Rotten Mind - Rotten Mind - Albums - Reviews - Soundblab

Rotten Mind - Rotten Mind

by Nathan Fidler Rating:5 Release Date:2017-03-24

Scandinavians taking on sounds native from Britain and the US is nothing new, and Rotten Minds follow this tradition on their self-titled album, their second effort on Lövely Records.

It’s easy to say that bands like Rotten Minds have bags of pace, energy and attitude, because that’s what a small snippet would make you feel. While your instincts would serve you well, it doesn’t show the whole picture.

These Swedes have clearly been raised on a lean diet of Buzzcocks and other garage-punk bands. With crashing drums, angular guitars and a barked litany chorus hooks, their core values are realised perfectly in tracks like ‘Dark Intentions’ and ‘Wish You Were Gone’. However, you could say the whole, sounding quite the same throughout, is all the same.

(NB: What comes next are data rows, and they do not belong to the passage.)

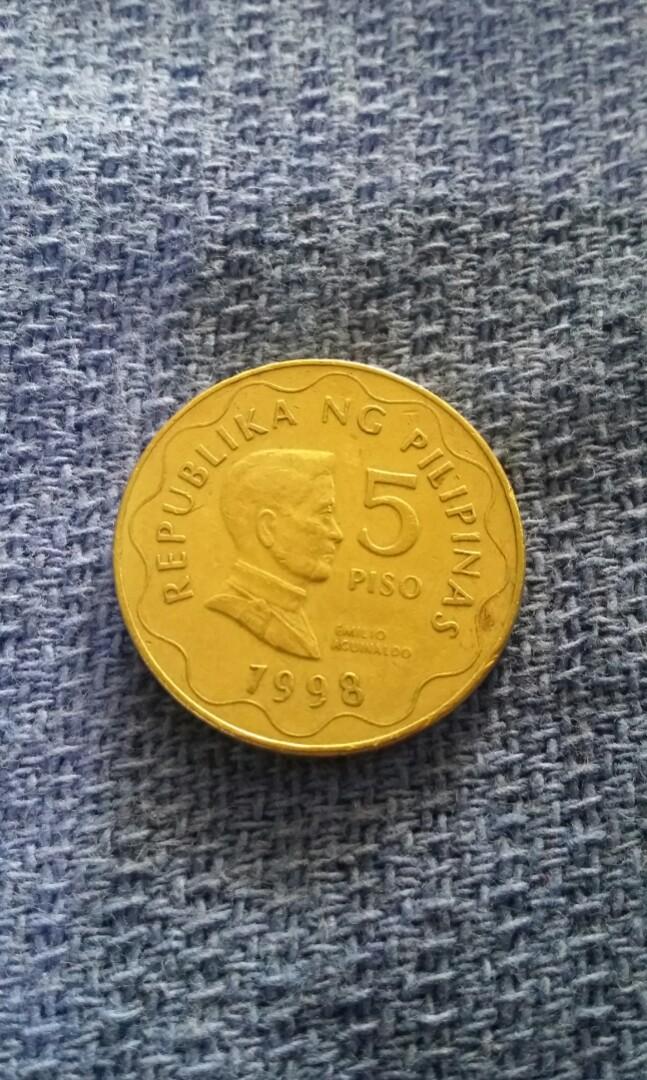 5 piso bsp series 1998(rcm) error coin (Category: Currency) located in Candon. Submitted by sniper_25 (Listing ID 1147999402, Image 2). Description: - 5 piso bsp series 1998(rcm) royal Canada mint(error coin). - extra metal on cogwheel teeth.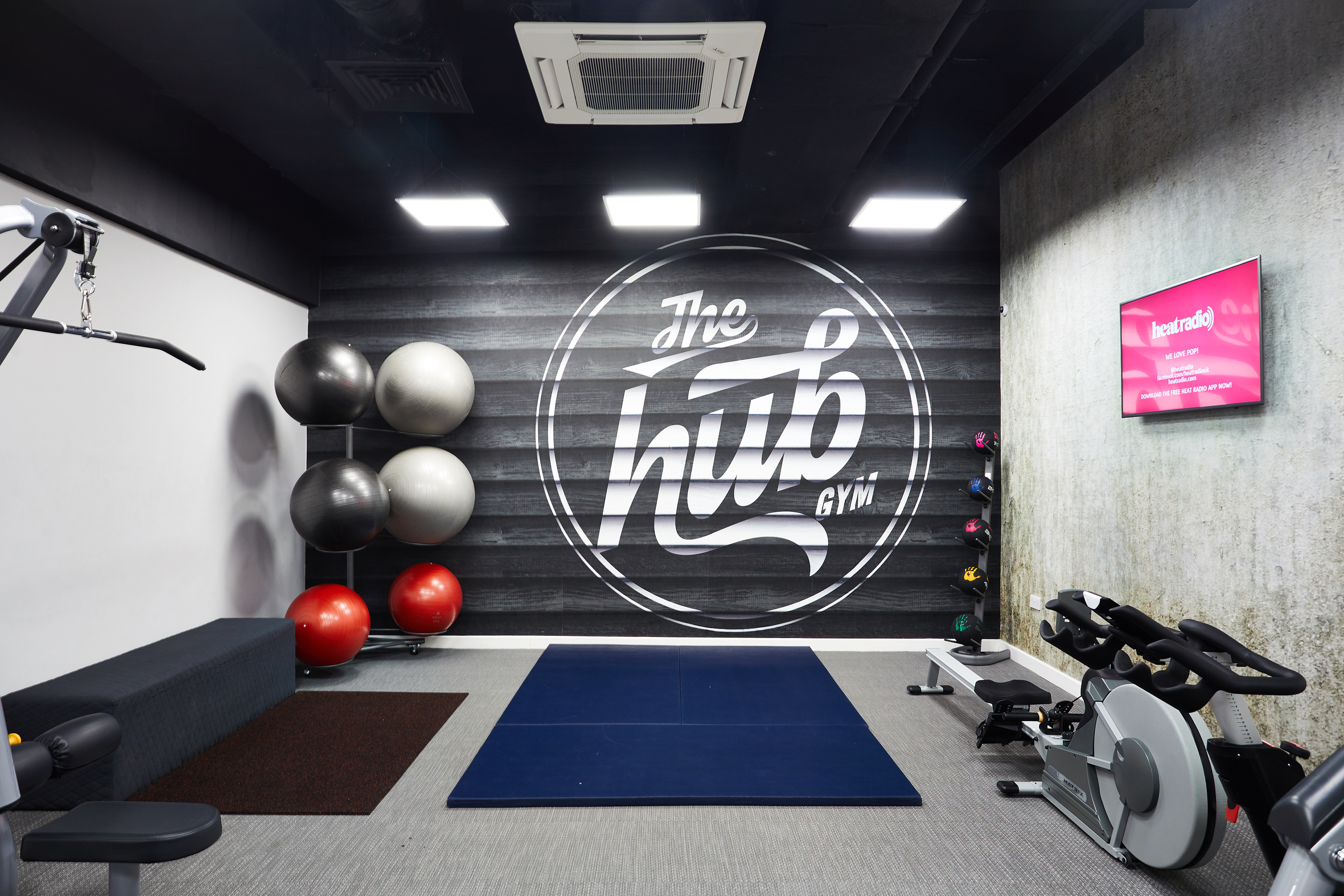 A modern gym room with exercise equipment including a stationary bike, workout benches, and exercise balls. The walls have "The Hub Gym" logo and a small pink digital screen displaying information. The room is well-lit with ceiling lights.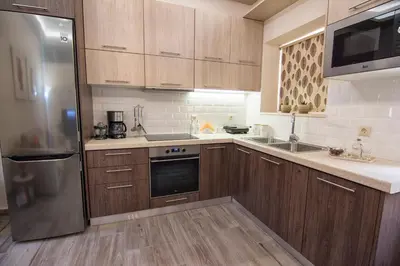 a kitchen with wooden cabinets and a stainless steel refrigerator at Pasiphae New Apartment sea & city in Chania Town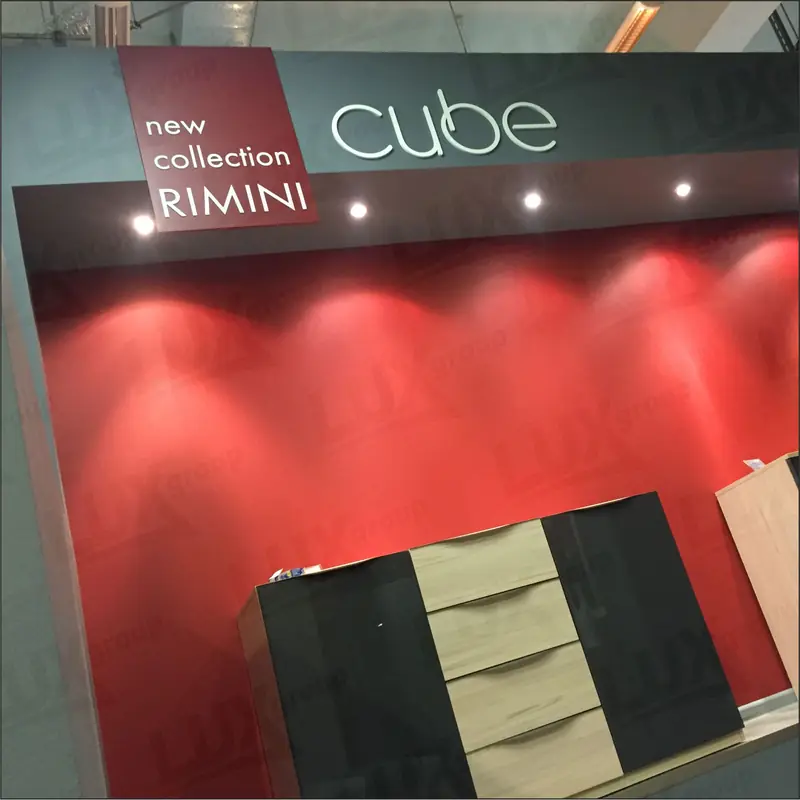 Выставочная мебельная зона cube с красной стеной, точечным освещением и панелью с надписью «new collection RIMINI».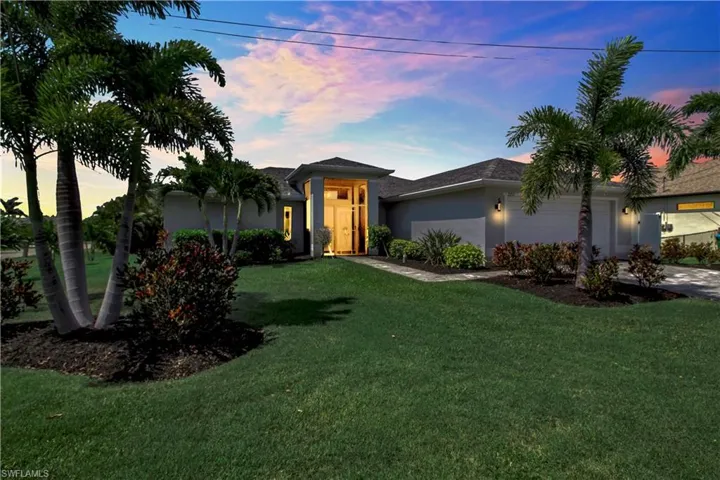 View of front facade featuring a garage and a lawn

Each song has it’s own punch, but relies on the same formula. Perhaps this is indicative of what people want in a guitar band these days, but after a listen through you won’t find much to go back for; it’s a case of “heard one, hear ‘em all”. ‘Real Lies’ contains a more distinctive guitar lead and solo, but on the whole the tracks are interchangeable.

What made The Hives so distinctive (and bear in mind this was over fifteen years ago), was the howl of the vocals and the rigidity of the riffs. Here, whether through the production or the writing, the songs lack distinctive features or character. The band play at breakneck pace just to get through to the end of each song, not out of some sense of urgency for the message, but to simply meet the standard of the genre.

Every once in awhile you’re hooked into a song by the chorus - most verses are forgettable - and the final track, ‘I Need You Now’ offers a lighter acoustic riff. “Oh I, Oh I need you now” is the desperate call, with more genuine feeling evoked than throughout the rest of the album.

In a genre which has already seen revitalisation in the last decade or so, you need to be offering something more than just a straightforward set of ten standard songs. A great drill run here, but nothing more.